This year the surplus in the state budget is EUR 2.7 billion, which is to be spent on paying off the existing debt. After that the state will still owe about EUR 53 billion, which is about 31 per cent of GDP.
      No civil servants at the Ministry of Finance can be found who would be willing to be quoted on when Finland might switch from paying off debt to borrowing again, but the year 2012 is seen as a possible turning point.
      Pasi Holm, managing director of the Pellervo economic research institute PTT offers one possible year:
      "More money will probably have to be borrowed in about 2015. The state will starting to become indebted, as the costs of people going into retrirement and the changing population structure begin to exert their influence", he said.
     
A goal in the programme of the present government is to have a surplus in state finances equivalent to one per cent of GDP by the end of the four-year term.
      Holm predicts that a realistic goal for the next government could be merely to balance the state finances again.
     
Not everyone is painting horror scenarios. Jaakko Kiander, head of the Labour Institute of Economic Research, points out that the Finnish public sector has almost no net indebtedness, because the debt is balanced out by assets, such as cash reserves, real estate, and shares, as well as by pension funds.
      "In ptactical terms, the state does not have any net indebtedness at all.

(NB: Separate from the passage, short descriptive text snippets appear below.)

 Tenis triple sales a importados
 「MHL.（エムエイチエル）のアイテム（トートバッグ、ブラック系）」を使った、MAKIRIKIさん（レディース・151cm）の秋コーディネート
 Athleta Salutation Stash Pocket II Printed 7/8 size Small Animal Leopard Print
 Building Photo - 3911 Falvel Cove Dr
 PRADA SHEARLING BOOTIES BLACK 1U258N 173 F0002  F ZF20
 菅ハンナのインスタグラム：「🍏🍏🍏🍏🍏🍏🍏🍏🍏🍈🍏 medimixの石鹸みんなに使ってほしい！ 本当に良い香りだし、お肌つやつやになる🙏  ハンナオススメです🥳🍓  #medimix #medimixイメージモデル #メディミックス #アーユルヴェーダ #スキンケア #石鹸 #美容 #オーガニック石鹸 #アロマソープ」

Finland is the world's richest country right after Norway, in terms of public finances", Kiander says.
      "It is estimated that the growth will continue after next year, and that the state finances will remain in surplus for sometime", he argues.
      However, it is not easy to pay off the state debt. Kiander says that it would be ideal to get the debt to the level where it was before the recession of the 1990s. In 1990 the debt stood at about ten per cent of GDP.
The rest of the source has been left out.